Triple Point

Title: 
Triple Point
Instrumentation: 
Flute
Duration: 
12'
Date of Composition: 
December 2005
Premiere: 
None yet! Want to premiere this piece? Let me know!

The triple point of a substance is the combination of temperature and pressure at which the solid, liquid, and gas phases of that substance can all exist in equilibrium. For example, at a temperature of approximately 0.0098 °C and a vapor pressure of approximately 0.00604 atmospheres, H2O can freely pass between liquid water, ice, and water vapor; this temperature and pressure is thus the triple point of water. Similarly, I feel that Triple Point has three overarching "phases" -- vaporous and insubstantial, evenly fluid, and frozen and crystalline -- through which the flute navigates.

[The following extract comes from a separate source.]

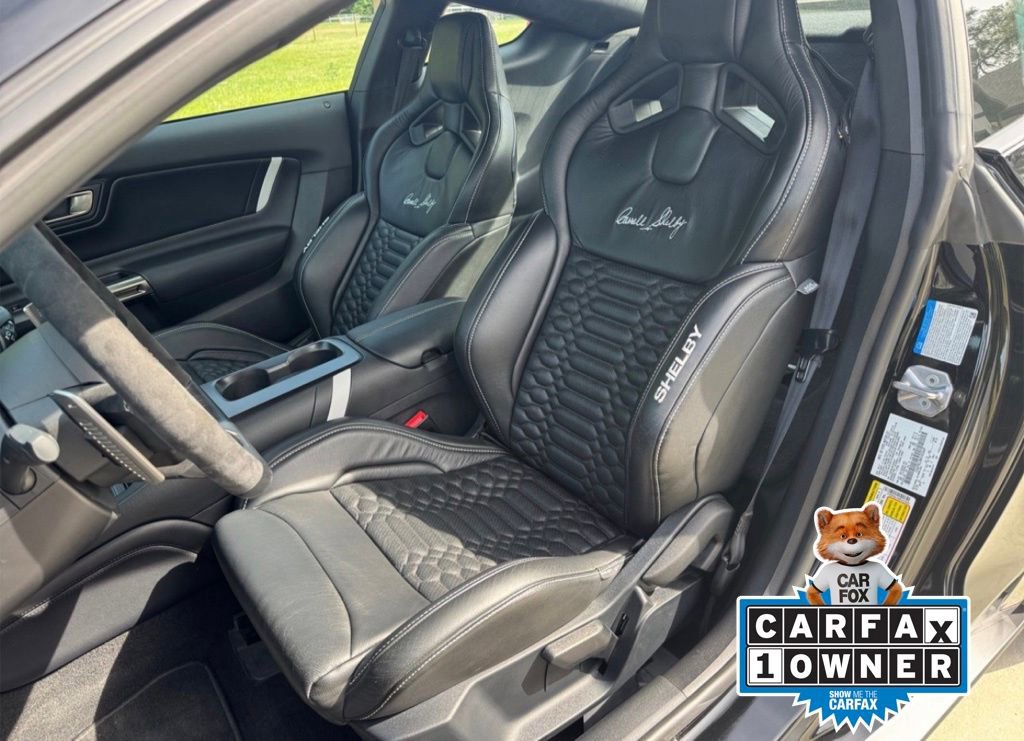 Used 2021 Ford Mustang Shelby GT500 w/ Carbon Fiber Track Pack image 44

Triple Point opens with an unmetered section, filled with breath-length phrases and periodic silences, recalling the mood of Six Hours in the Isolation Booth, as seen through an abstracted, Cubistic lens. The broad strokes of Six Hours become jagged lines and planes, interrupted by sudden flourishes. The phase of the music is predominantly gas in this section, though there are moments when it coalesces into drops of liquid, or solid blocks. This section is succeeded by a brief metrical interlude, almost purely liquid in phase. At the end of this interlude, the temperature cools down slightly and the music momentarily freezes, before returning to a gaseous state. This second unmetered section is similar to the opening section, although the phase more frequently shifts between gas and liquid. The temperature and pressure both increase, and the music threatens to burst out of its confines. Instead, it turns to a coda which, quite frankly, took me by surprise when I wrote it. The coda is solid all the way through, proceeding at a slow and deliberate tempo in 3/4 time. While the melody in the preceding sections was freely composed, shifting in tonality but tending to hint at D major, the coda begins with four complete cycles of a 12-tone row, presented without transposition or any other other serial operations. Midway through a fifth cycle, the flute gets stuck on a three-note segment of the row, and after a few repetitions of this segment, ascends into the stratosphere. The flute continues to obsess over these few notes, elaborating on them over several repetitions. The strict metrical boundaries begin to break down, and the elaborations of the three-note cell become increasingly unstable. The register abruptly collapses, from the top of the flute's third octave to the bottom of the first octave, and as the melody comes to rest on D natural, the sound of the flute itself sublimates, with the standard flute tone giving way to a shower of whistle-tone harmonics.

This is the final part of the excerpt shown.